1. http://bit.ly/wikidata-query-example-cities-with-female-mayor -- shortened query results url

BTW -- for language tags to work, the content would have to have also been language tagged using "xyz"@en prior to upload to DBMS. Then, modulo use of LANG filter, you would be seeing stuff like "Madrid"@en in the output produced by the SELECT LIST.


On Tue, Apr 21, 2015 at 11:13 AM, Jeremy Baron <jeremy@tuxmachine.com> wrote:

On Tue, Apr 21, 2015 at 5:05 PM, Thad Guidry <thadguidry@gmail.com> wrote:
> We had US Census, World Bank, and UN Data as our primary data sources for any /statistics/ of a City/Town/Village.  Here's Houston - https://www.freebase.com/m/03l2n#/location/statistical_region

I don't understand where a lot of those numbers are from.

Also, maybe Houston is a bad example because the Census Bureau revised
numbers after the data was released.[0] Even some official Census
Bureau sites still report the old, pre-appeal number.[1]

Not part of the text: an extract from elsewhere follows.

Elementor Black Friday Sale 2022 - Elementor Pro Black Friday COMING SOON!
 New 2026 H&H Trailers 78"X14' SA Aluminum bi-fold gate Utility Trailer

There are multiple years that have duplicate conflicting values after
clicking "65 values total »" at your link. At first I was thinking it
may be something like estimates base vs. estimate vs. decennial.
However, for 2010 and 2011 there's one value that matches estimate
from [1] (source = [2]) and a larger value (source = [3]) that does
not match any other data I've seen. [2] and [3] both use the same
"Attribution URI" [4].

In any case, why take this from freebase instead of importing directly
from Census Bureau data? It's available in bulk. Format isn't great
but isn't horrible either. (at least the 5-year ACS is inconsistent
about upper/lower case for state two letter abbreviations. and, I
think, most humans would prefer something like a geoid as a key rather
than a dataset specific key used to look up the geoid in a different
file. and other quirks)


[0] http://www.chron.com/news/houston-texas/houston/article/City-wins-census-appeal-count-adjusted-4087372.php
[1] http://factfinder.census.gov/bkmk/table/1.0/en/PEP/2013/PEPANNRES/1620000US4835000
[2] https://www.freebase.com/g/11x1k306j
[3] https://www.freebase.com/m/0jst35z
[4] http://www.census.gov/popest/about/terms.html